The ARM-powered prototype system contains 160 terabytes (TB) of memory spread across 40 physical nodes and connected using a custom high-performance fabric protocol, HPE said.
Large memory pool
The massive memory pool makes it possible to process large amounts of data simultaneously, reducing the time it takes to uncover patterns buried in that information.
HPE said the prototype could, for instance, simultaneously examine every digital health record for every person on earth or every piece of data from Facebook.
The company said it thinks the architecture used in the prototype could easily scale to an exabyte-scale single-memory system and potentially up to 4,096 yottabytes, which it described as a “nearly limitless” memory pool 250,000 times greater than the digital universe as it currently exists.

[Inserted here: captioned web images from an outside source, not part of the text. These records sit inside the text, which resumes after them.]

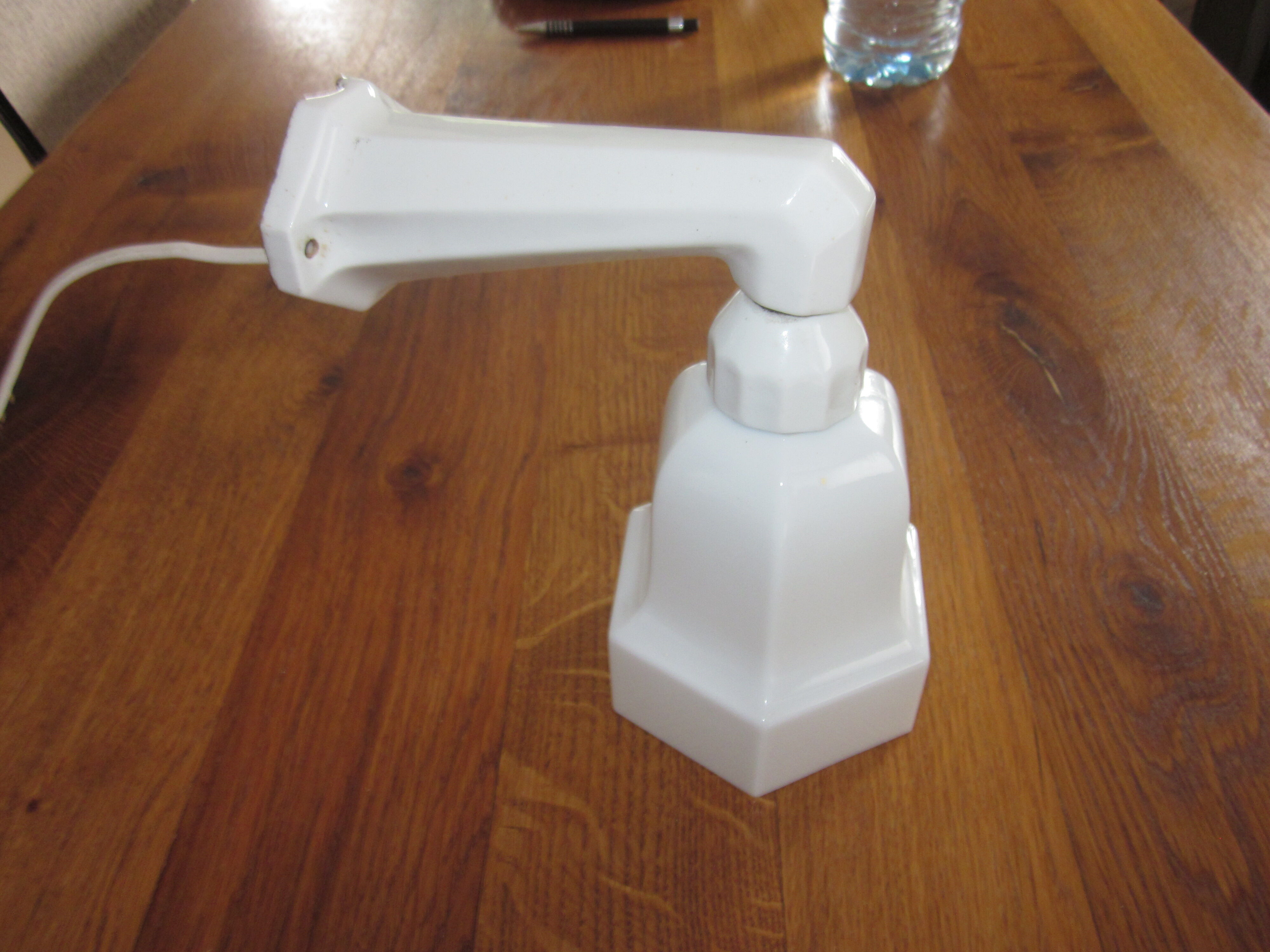 Applique de salle de bain des annèes 30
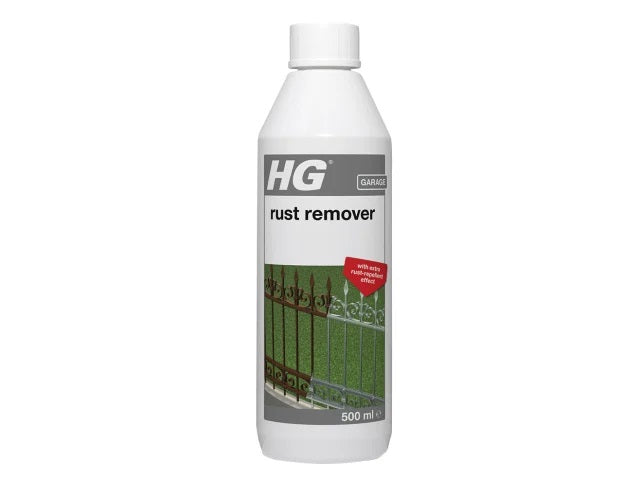 HG RUST REMOVER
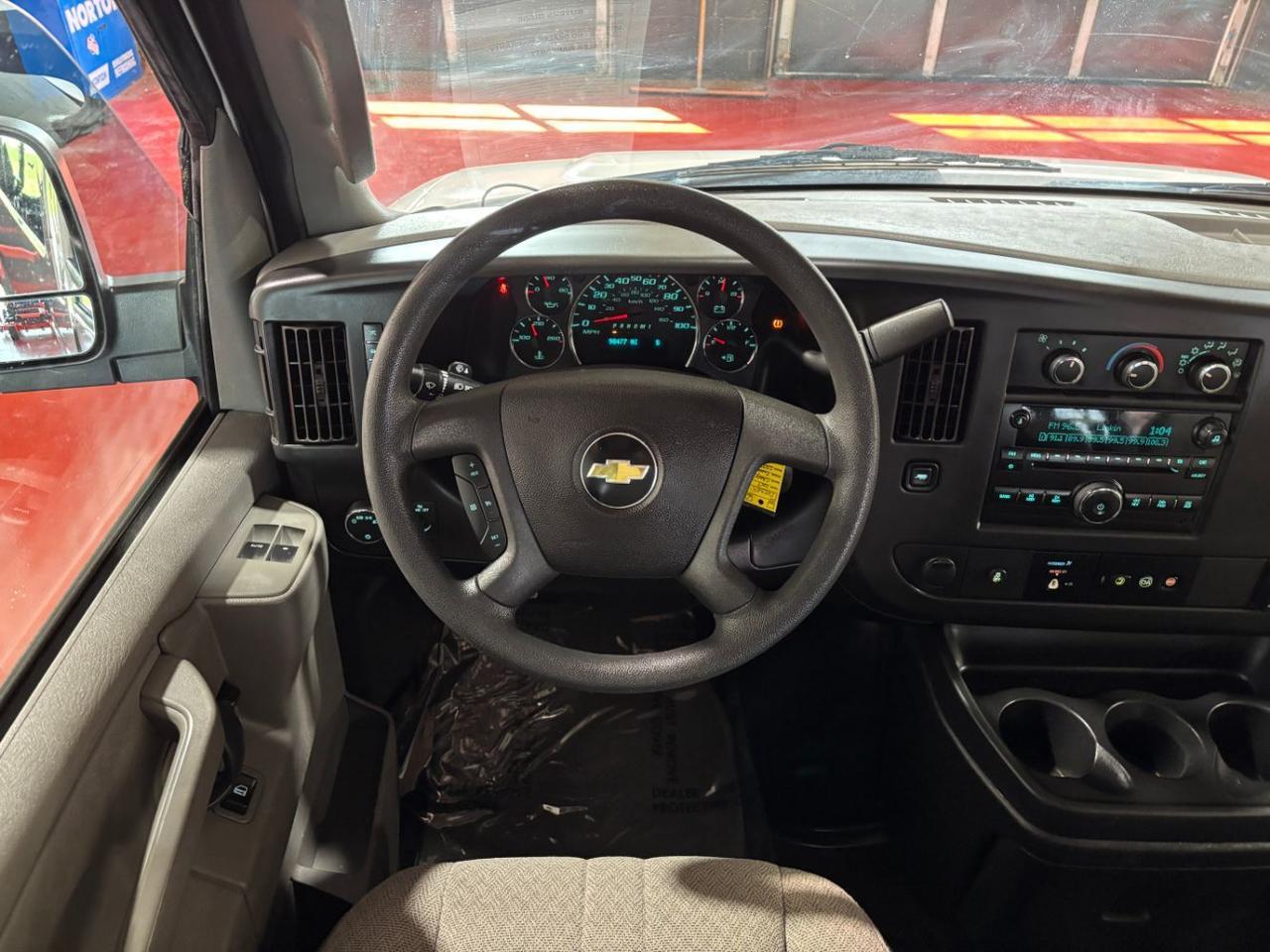 2017 Chevrolet Express 2500 LT Franklin OH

The system is part of a research project called The Machine established in 2014 to focus on ways of dealing with the exponentially increasing amount of data generated by trends such as cloud computing and the proliferation of mobile devices and the ‘Internet of Things’ (IoT).
IDC estimates the digital world consisted of 4.4 zettabytes in 2013 and projects it will grow to 44 zettabytes, or 44 trillion gigabytes, by 2020, while IBM believes 90 percent of the data in existence today was produced in the past two years.
The Machine is HPE’s effort at making it possible to turn that data into useful information within a manageable time.